La personne blessée a été admise à l'hôpital dans un état jugé sérieux, a dit la PP à l'AFP.

L'enquête en cours
La brigade criminelle en charge de l'enquête a déclaré vendredi qu'"aucune hypothèse n'est exclue" en l'état des investigations et ne pas "à ce stade" privilégier une "rivalité entre bandes". "Nous avons travaillé toute la nuit, fait des constats et procédé à des auditions", a déclaré la brigade criminelle. "Il est beaucoup trop tôt pour faire un lien avec des rivalités entre bandes, une affaire de stupéfiants ou autres à ce stade de l'enquête", a-t-elle ajouté.

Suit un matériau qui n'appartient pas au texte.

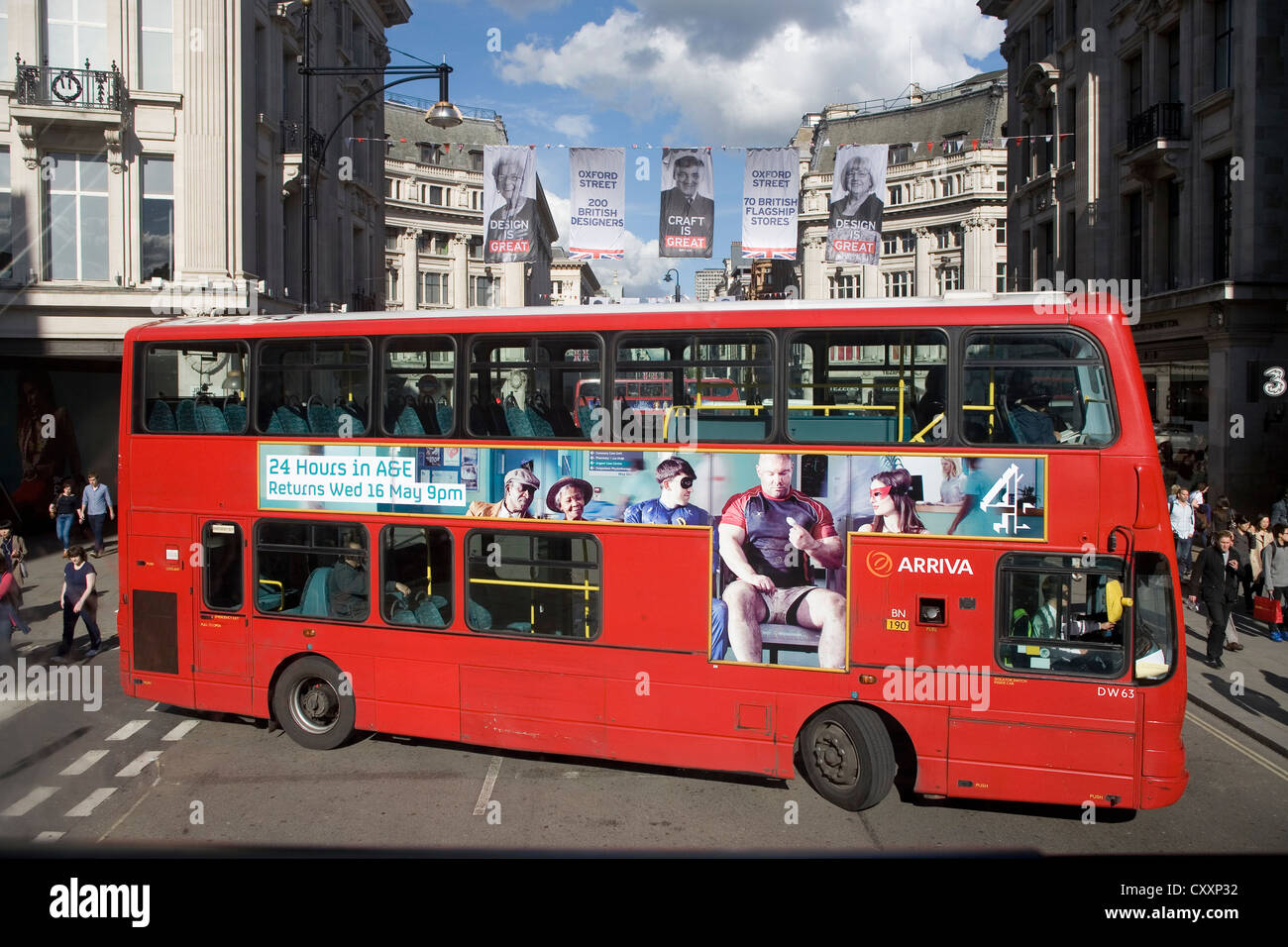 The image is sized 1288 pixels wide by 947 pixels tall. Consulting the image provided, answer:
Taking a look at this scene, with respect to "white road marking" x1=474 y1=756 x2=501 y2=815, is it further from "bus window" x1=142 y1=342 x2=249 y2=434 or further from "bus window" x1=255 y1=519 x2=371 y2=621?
"bus window" x1=142 y1=342 x2=249 y2=434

"Nous sommes encore loin de tout cela, il faut organiser la suite des investigations et entendre notamment les familles (des victimes)", a ajouté la brigade pour qui "aucune hypothèse n'est exclue". "Il n'y a pas, à ce stade, de liens avec des bagarres récentes dans ce quartier, a encore dit la brigade criminelle.

Quid des règlements de compte

Ce règlement de comptes sanglant trouve peut-être son origine dans une "rivalité entre bandes", avait indiqué un peu plus tôt une source proche de l'enquête. Une "hypothèse parmi d'autres" de la brigade criminelle évoque l'éventualité d'un lien avec les bagarres entre cités HLM du XIVe arrondissement, récurrentes dans ce quartier depuis de nombreuses années notamment à la cité dite du 156, rue Raymond Losserand (XIVe ardt). Les trois victimes sont domiciliées rue Raymond Losserand. Il s'agit de "gens du voyage sédentarisés".

La police n'exclut pas que les bandes rivales de cet arrondissement aient "réglé des comptes sur fond de partage de territoires" dans les cités HLM du quartier mais n'écarte "pas du tout d'autres pistes", selon la même source. "C'est sans doute une affaire de rivalité entre bandes, une vieille et longue histoire dans ce quartier", a dit la source, selon la quelle "il faut tout vérifier".

Selon la police, les deux auteurs présumés ont fait preuve de "détermination et de sang froid". "Des pistolets mitrailleurs et fusil à pompe ont été utilisés", a également dit sur place, Stéphane Pelliccia, du syndicat de police Unsa.